この旅ってみんなが変わってしまった旅なんですよ。ボロミアは自分の醜さに直面し、最後は自分を取り戻してメリーとピピンを守って、でも死んでしまった。ガンダルフは火と死をくぐり抜けた。レゴラスは一番変わらなかった口ですが、それでも彼の森を見つけましたしドワーフと友情を築きました。ギムリレゴラスと仲良くなったのもそうですが、ガラドリエルの奥方との出会いは彼にとって人生を変えるものだったでしょう。アラゴルンは自分の国に帰って生まれついての者となり、そしてアルウェンと結ばれた。フロドはあまりにも大きな使命を果たしたからなんだかもう天使みたいになってしまった。彼はアマンに行くしかなかったですね。とどまるような人では無くなってしまった。サムは勇者になりました。私としてはメリーとピピンの変化が一番胸にきました。
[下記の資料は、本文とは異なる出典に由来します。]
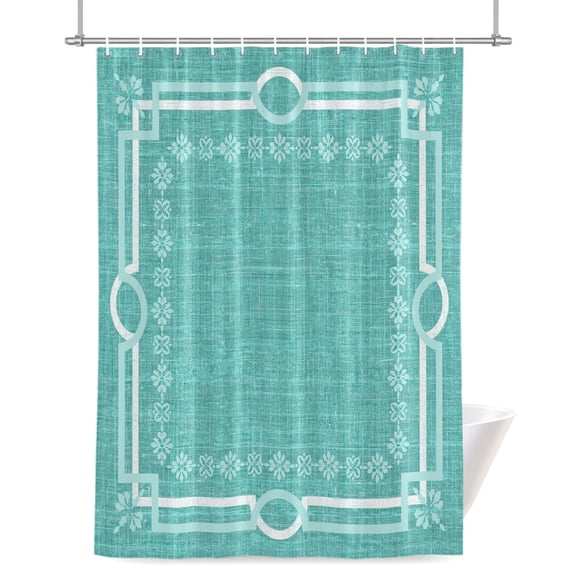 Turquoise Farmhouse Shower Curtain, Linen Texture Geometric Lines Floral Boho Waterproof Shower Curtain Set with 12 Hooks Lightweight Bath Curtains Fabric Bathroom Decor 60x72 Inches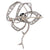 Mid Century 1.86 Carats Green Sapphire Platinum Rose Brooch
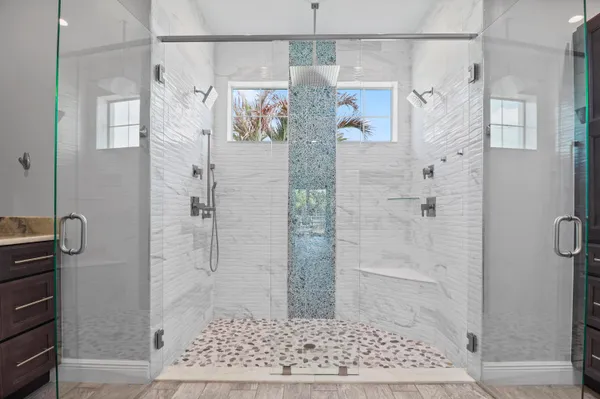 a porch with wooden floor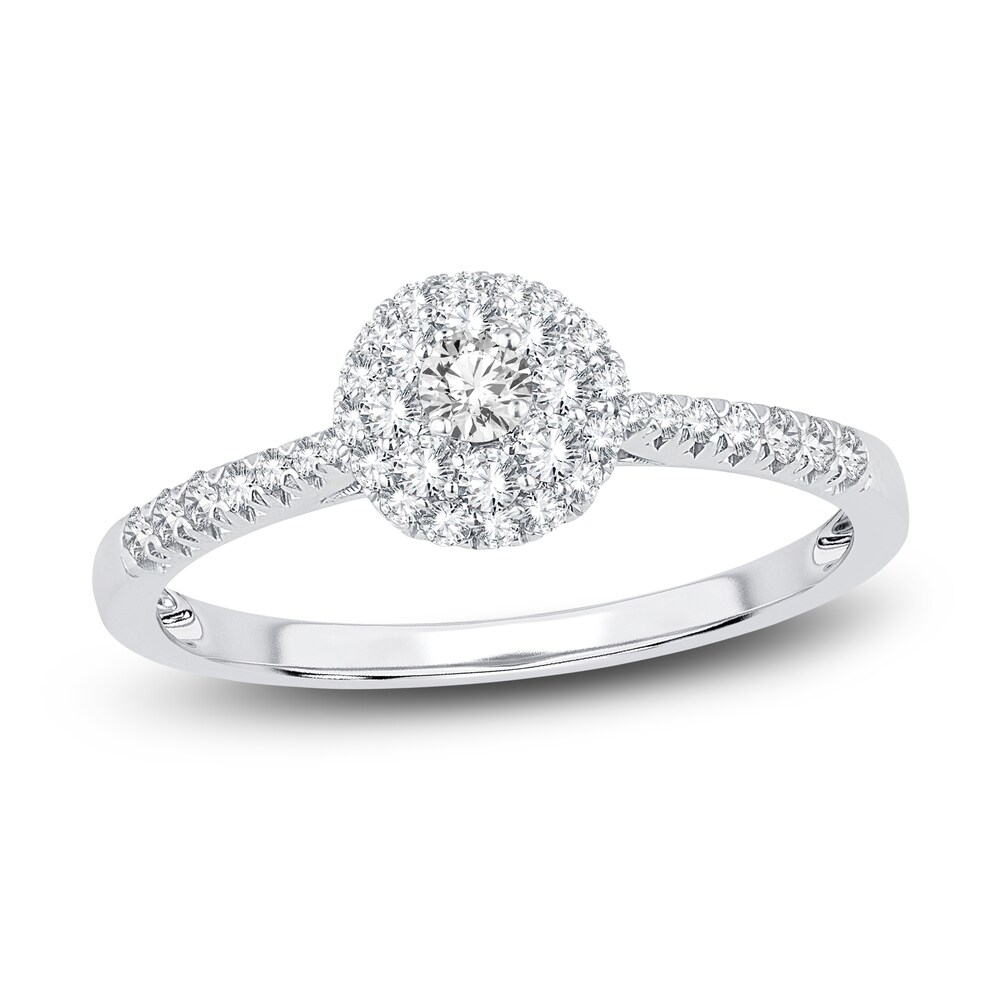 Diamond Engagement Ring 3/8 ct tw Round 14K White Gold oIaYXcXy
あんなにお気楽なホビットの若者二人組でいつもふざけていて、コミックリリーフそのものだったのにその彼らがそのままではいられなくなる。彼らは彼らの大切なもの、友人や故郷を守るために小さな体で指輪戦争に臨んでいくんです。物語の初めの頃の彼らならとてもしなかったような決断もできるようになった。だってメリーなんて最初は1日のご飯の回数のことでごちゃごちゃ言ってアラゴルンを呆れさせていたのに、アングマールの魔王を倒したんですよ。

エンディングももサムの帰宅で終わるところが素晴らしい。行きて帰りし物語の帰った瞬間の感動。変わってしまったものは戻らないけれどそれでも意味があるんですよね。これは原作通りのエンディングなんですが、私原作読んだときにこのエンディングには胸がいっぱいになって数時間何も考えられないくらい感動したので、その名エンディングをそのまま使ってくれて本当嬉しかったです。